Treasury Principal Secretary Kamau Thugge, however, said the advisor does not speak for the Government.

And the lawmakers do not look like they are willing to play ball, leaving Treasury in a precarious position. “MPs are Kenyans, they are borrowers. Do you expect them to remove the rate cap?” wondered Kimani Ichungwa, chair of the parliament’s influential budget committee.

CBK and National Treasury believe they have put everything in place to prevent banks from sliding back to their cowboy behaviour of the pre-rate cap days, impulsively setting the price of loans as their whims dictated.  

National Treasury started with the Financial Markets Consumer Protection Bill 2018, currently before Parliament and is set to be debated together with the Finance Bill, 2018.

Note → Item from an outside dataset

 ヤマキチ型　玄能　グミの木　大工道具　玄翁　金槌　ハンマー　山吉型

CBK has invited comments on the Draft Kenya Banking Sector Charter that is supposed to safeguard consumers against greedy lenders.

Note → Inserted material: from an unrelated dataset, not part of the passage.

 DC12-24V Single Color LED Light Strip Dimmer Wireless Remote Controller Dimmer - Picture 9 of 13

The Charter represents a commitment from institutions in the banking sector to entrench a responsible and disciplined banking sector cognisant of, and responsive to, the unique sociology-economic realities of the Kenyan populace,” reads part of the charter.

“The removal of the interest rate caps is critical to developing a market-led financial sector; however, the banking sector must fully demonstrate that they are responsible and disciplined,” it reads.

But after all, is said and done, it is the MPs that will have the last call.